ABOUT THIS TASK: Lines before the one containing "فروش پسته کرمان" are left out; output the rest of the data exactly, through the final line.

EXERCISE MATERIALS:
______________________________

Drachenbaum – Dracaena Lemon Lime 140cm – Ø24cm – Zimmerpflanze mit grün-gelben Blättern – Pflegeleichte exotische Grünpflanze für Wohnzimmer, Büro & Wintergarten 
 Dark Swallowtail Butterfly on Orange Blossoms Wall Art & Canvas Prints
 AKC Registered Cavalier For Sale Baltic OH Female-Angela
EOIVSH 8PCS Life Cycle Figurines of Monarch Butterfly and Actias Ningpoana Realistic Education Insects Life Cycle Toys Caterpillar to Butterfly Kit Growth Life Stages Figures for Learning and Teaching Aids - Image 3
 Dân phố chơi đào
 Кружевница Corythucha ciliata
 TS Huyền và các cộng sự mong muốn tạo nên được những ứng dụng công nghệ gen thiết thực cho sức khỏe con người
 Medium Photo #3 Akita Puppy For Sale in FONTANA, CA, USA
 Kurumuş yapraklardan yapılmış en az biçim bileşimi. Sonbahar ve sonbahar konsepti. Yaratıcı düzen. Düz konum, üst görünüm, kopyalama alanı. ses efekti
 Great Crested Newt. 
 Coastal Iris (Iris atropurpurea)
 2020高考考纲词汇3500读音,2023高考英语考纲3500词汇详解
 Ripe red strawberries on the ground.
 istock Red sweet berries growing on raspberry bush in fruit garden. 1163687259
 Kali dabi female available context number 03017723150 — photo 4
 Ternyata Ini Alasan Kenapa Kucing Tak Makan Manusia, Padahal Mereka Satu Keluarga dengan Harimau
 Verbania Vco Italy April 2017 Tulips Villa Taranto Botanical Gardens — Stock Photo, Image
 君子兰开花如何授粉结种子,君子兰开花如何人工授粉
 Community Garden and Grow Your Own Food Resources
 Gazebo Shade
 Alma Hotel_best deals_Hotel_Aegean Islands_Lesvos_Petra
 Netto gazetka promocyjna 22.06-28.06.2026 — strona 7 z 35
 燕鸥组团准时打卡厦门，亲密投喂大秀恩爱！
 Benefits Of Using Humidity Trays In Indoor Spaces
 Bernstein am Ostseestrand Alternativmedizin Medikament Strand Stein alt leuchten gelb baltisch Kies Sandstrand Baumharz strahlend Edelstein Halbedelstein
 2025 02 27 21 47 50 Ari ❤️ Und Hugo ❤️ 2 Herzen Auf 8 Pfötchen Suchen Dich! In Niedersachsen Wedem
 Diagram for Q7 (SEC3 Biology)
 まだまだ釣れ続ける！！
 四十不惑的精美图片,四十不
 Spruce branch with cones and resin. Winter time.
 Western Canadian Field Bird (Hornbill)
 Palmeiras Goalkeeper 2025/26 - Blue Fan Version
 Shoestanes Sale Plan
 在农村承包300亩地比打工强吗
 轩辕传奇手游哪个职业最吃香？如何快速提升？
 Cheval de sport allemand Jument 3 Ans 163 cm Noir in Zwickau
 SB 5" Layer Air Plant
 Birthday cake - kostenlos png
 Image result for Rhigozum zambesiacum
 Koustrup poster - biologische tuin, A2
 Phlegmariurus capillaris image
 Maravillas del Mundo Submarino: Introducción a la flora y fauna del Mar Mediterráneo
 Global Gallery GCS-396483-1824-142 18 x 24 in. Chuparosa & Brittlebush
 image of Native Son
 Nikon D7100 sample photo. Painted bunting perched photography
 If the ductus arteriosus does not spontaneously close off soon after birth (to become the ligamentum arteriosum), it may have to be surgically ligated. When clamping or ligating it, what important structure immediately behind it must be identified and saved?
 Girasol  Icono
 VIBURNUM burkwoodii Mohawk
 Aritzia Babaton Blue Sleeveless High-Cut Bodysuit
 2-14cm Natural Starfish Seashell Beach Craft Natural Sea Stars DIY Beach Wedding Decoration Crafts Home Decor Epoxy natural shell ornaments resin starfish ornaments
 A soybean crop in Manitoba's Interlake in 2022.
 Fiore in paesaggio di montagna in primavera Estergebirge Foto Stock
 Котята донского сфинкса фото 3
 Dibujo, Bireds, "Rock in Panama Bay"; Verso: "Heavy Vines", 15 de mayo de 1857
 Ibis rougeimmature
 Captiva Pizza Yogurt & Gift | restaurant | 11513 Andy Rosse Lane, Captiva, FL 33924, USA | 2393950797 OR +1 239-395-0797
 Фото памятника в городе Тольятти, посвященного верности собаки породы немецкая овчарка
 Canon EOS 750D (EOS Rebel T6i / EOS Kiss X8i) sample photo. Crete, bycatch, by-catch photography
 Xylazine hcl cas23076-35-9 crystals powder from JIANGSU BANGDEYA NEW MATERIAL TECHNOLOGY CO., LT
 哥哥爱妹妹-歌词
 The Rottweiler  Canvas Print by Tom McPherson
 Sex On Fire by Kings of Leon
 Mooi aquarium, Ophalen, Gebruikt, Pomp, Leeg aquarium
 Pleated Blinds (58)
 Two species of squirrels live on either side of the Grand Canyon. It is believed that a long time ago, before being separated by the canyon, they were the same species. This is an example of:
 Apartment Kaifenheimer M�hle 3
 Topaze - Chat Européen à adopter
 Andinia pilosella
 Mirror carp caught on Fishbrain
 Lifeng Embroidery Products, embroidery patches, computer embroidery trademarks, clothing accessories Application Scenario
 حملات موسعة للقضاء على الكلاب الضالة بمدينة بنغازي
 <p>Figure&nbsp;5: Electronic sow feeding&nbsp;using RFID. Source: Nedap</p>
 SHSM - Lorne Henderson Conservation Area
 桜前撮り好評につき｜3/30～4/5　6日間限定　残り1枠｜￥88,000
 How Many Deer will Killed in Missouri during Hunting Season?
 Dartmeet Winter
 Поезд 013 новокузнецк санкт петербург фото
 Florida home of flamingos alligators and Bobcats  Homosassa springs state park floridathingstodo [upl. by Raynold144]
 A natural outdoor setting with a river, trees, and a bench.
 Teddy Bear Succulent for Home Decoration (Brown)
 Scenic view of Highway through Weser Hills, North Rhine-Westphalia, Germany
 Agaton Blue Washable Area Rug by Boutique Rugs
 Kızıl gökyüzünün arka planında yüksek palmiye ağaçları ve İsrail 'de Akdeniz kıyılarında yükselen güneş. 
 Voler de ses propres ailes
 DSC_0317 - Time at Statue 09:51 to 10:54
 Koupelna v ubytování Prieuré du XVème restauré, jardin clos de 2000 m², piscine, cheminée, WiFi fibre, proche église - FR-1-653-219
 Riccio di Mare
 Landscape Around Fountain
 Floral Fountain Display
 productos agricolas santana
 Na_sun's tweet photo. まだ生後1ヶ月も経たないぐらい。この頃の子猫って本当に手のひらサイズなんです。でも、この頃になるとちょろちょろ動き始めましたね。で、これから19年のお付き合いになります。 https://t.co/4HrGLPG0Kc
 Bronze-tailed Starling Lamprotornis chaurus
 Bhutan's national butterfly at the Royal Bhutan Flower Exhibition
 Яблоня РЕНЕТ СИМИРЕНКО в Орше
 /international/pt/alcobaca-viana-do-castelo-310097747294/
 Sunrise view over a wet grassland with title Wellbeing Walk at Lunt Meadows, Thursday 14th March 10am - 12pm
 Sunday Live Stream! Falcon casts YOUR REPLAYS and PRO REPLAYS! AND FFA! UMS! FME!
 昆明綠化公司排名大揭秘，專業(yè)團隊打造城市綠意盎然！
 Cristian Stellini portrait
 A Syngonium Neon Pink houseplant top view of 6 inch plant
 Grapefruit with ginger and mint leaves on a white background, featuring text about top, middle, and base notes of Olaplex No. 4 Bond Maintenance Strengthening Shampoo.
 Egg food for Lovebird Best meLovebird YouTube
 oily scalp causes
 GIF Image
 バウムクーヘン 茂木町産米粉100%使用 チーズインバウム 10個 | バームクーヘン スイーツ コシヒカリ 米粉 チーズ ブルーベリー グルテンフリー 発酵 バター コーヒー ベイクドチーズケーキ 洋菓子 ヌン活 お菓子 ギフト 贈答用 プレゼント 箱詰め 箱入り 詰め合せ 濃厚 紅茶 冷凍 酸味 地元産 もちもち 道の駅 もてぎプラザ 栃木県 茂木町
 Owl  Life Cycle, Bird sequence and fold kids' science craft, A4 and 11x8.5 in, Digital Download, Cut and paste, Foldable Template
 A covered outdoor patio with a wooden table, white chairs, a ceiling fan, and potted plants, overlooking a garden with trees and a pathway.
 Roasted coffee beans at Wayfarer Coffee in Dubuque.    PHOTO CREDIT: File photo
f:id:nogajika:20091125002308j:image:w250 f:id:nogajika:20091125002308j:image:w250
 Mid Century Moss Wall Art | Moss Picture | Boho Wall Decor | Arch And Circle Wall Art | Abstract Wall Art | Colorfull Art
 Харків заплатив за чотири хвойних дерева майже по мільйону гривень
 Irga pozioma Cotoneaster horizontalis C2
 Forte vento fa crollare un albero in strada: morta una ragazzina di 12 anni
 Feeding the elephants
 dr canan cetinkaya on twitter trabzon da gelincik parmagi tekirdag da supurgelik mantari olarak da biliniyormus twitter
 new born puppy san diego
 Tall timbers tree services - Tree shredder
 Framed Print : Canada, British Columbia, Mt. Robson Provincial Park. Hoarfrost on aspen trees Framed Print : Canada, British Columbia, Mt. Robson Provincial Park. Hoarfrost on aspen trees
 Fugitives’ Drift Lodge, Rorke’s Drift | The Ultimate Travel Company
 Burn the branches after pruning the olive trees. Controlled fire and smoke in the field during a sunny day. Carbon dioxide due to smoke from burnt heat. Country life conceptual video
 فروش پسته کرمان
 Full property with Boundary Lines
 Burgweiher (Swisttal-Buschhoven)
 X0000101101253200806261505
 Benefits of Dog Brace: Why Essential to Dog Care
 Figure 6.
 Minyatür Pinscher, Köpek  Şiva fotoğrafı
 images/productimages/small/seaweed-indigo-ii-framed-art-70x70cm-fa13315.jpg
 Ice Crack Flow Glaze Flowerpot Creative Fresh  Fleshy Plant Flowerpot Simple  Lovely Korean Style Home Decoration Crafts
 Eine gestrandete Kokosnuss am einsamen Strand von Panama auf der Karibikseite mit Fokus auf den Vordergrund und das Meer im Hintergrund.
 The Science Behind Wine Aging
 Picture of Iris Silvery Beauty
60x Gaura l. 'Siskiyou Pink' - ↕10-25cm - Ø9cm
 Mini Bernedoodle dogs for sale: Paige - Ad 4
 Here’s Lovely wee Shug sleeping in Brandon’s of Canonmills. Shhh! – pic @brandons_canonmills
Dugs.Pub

______________________________

OUTPUT FOR THIS TASK:
 فروش پسته کرمان
 Full property with Boundary Lines
 Burgweiher (Swisttal-Buschhoven)
 X0000101101253200806261505
 Benefits of Dog Brace: Why Essential to Dog Care
 Figure 6.
 Minyatür Pinscher, Köpek  Şiva fotoğrafı
 images/productimages/small/seaweed-indigo-ii-framed-art-70x70cm-fa13315.jpg
 Ice Crack Flow Glaze Flowerpot Creative Fresh  Fleshy Plant Flowerpot Simple  Lovely Korean Style Home Decoration Crafts
 Eine gestrandete Kokosnuss am einsamen Strand von Panama auf der Karibikseite mit Fokus auf den Vordergrund und das Meer im Hintergrund.
 The Science Behind Wine Aging
 Picture of Iris Silvery Beauty
60x Gaura l. 'Siskiyou Pink' - ↕10-25cm - Ø9cm
 Mini Bernedoodle dogs for sale: Paige - Ad 4
 Here’s Lovely wee Shug sleeping in Brandon’s of Canonmills. Shhh! – pic @brandons_canonmills
Dugs.Pub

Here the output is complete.